> **PROBLEM STATEMENT**
Everything from the line with "Used 2025 Hyundai Tucson SE FWD image 3" through the last line of the data below should be copied exactly, apart from the pictures.

Top of PROVIDED DATA

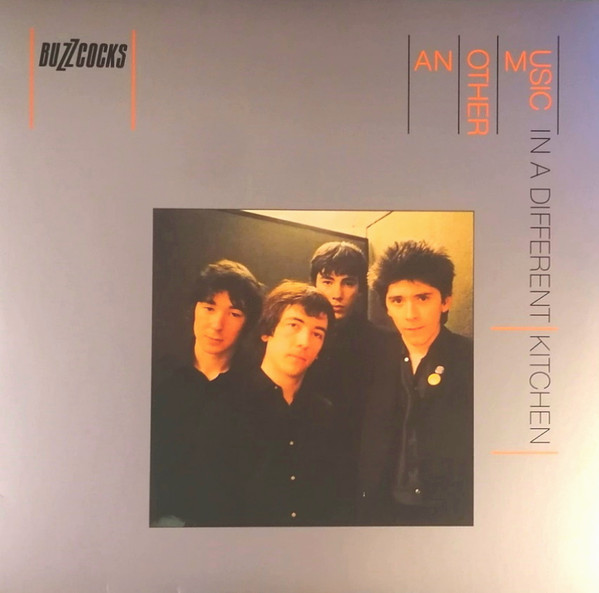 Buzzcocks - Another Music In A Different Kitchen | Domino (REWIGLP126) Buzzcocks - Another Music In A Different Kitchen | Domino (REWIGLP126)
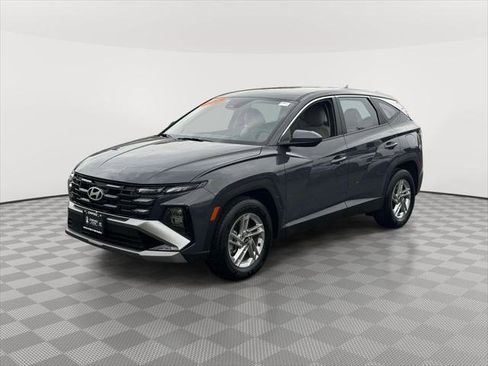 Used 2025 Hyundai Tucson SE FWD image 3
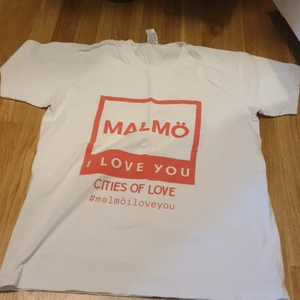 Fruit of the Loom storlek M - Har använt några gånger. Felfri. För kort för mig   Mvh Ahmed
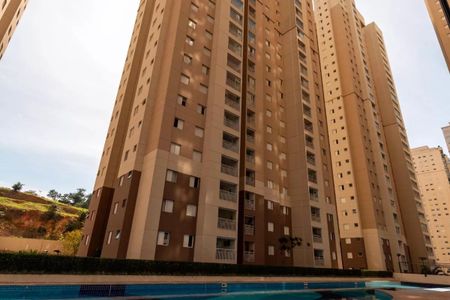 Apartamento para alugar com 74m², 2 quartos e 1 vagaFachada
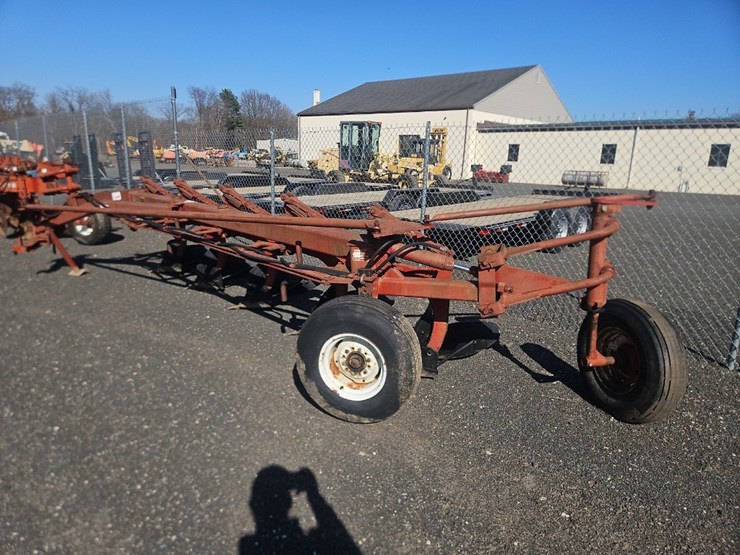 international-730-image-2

Bottom of PROVIDED DATA

> **COMPLETED EXERCISE**
 Used 2025 Hyundai Tucson SE FWD image 3
 Fruit of the Loom storlek M - Har använt några gånger. Felfri. För kort för mig   Mvh Ahmed
 Apartamento para alugar com 74m², 2 quartos e 1 vagaFachada
 international-730-image-2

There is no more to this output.